EXERCISE INSTRUCTIONS
Repeat, exactly as they appear, the lines from the one with "SIEMENS PC inverter" through the last line of the entries below, but none of the pictures.

Short descriptive text snippets
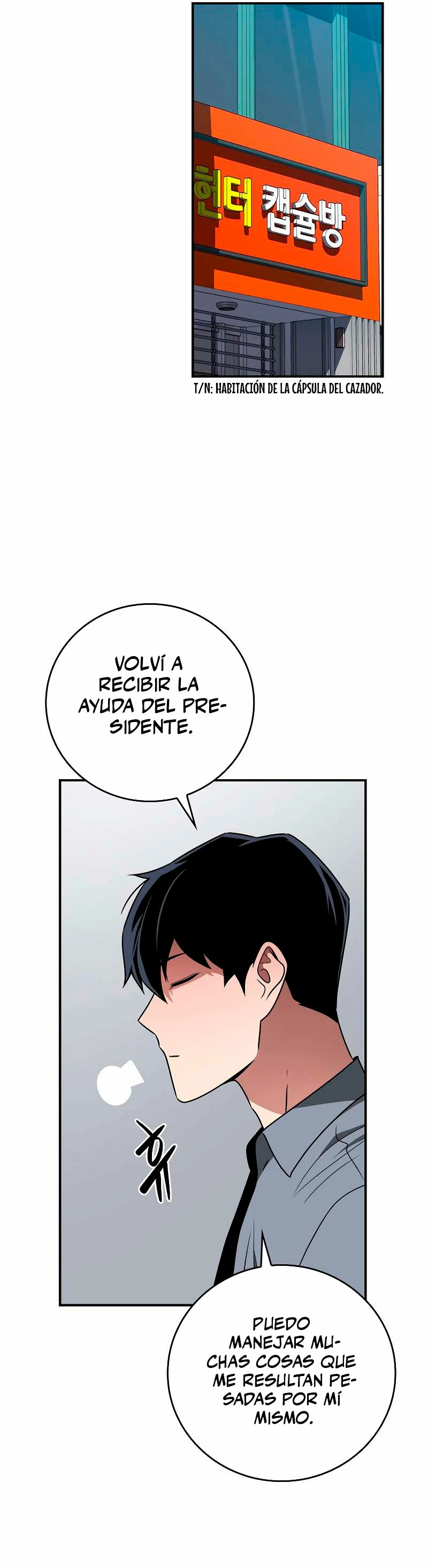 BJ Archimago capítulo 89, página 37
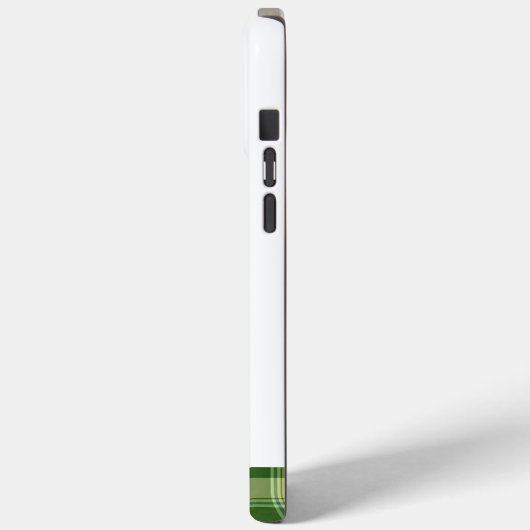Coques Case-Mate iPhone Chat mignon/chaton Saint Patrick's Day (Verso / Gauche)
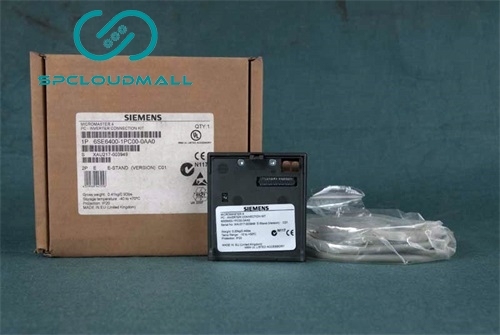 SIEMENS PC inverter connection kit 6SE6400-1PC00-0AA0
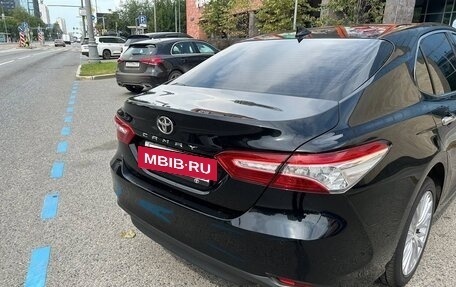 Toyota Camry, 2020 год, 3 100 000 рублей, 9 фотография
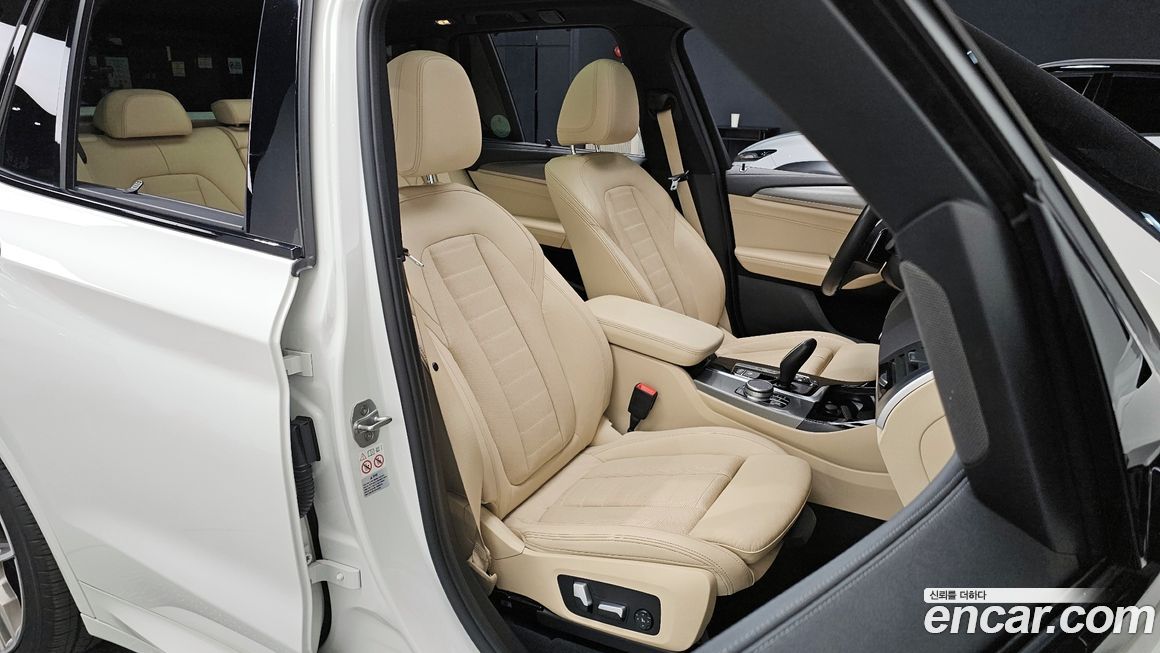 BMW X3 2020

COMPLETED TASK
 SIEMENS PC inverter connection kit 6SE6400-1PC00-0AA0
 Toyota Camry, 2020 год, 3 100 000 рублей, 9 фотография
 BMW X3 2020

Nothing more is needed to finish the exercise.